◆ PROBLEM REQUIREMENTS ◆
Only one span is wanted from the lines below: from the one with "シャンテラス桜ケ丘 205号-16" up to and including the one with "Floorplan - North". Copy it exactly, without images.

◆ DATA IN THIS EXERCISE ◆

───

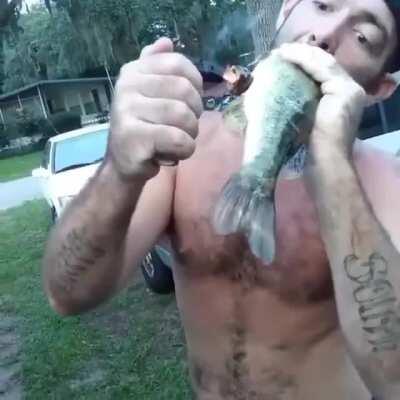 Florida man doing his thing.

───

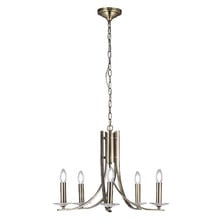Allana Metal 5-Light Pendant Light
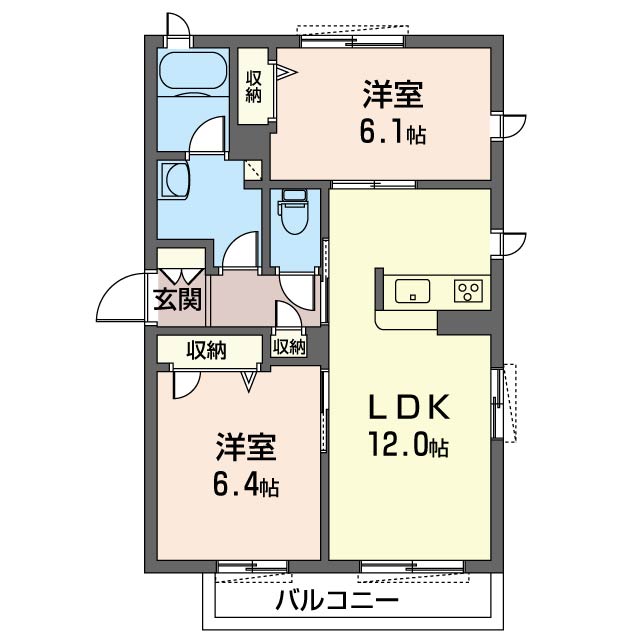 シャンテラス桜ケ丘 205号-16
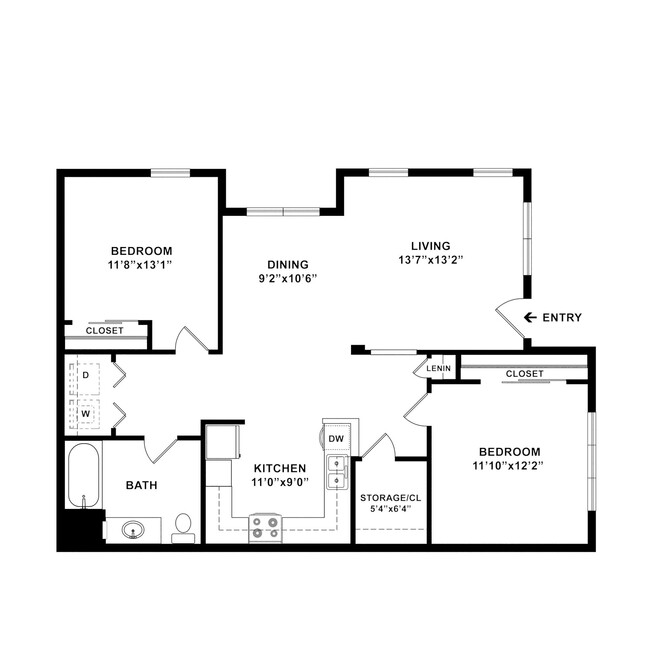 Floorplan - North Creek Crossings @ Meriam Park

───

◆ SOLUTION FOR THIS EXERCISE ◆
 シャンテラス桜ケ丘 205号-16
 Floorplan - North Creek Crossings @ Meriam Park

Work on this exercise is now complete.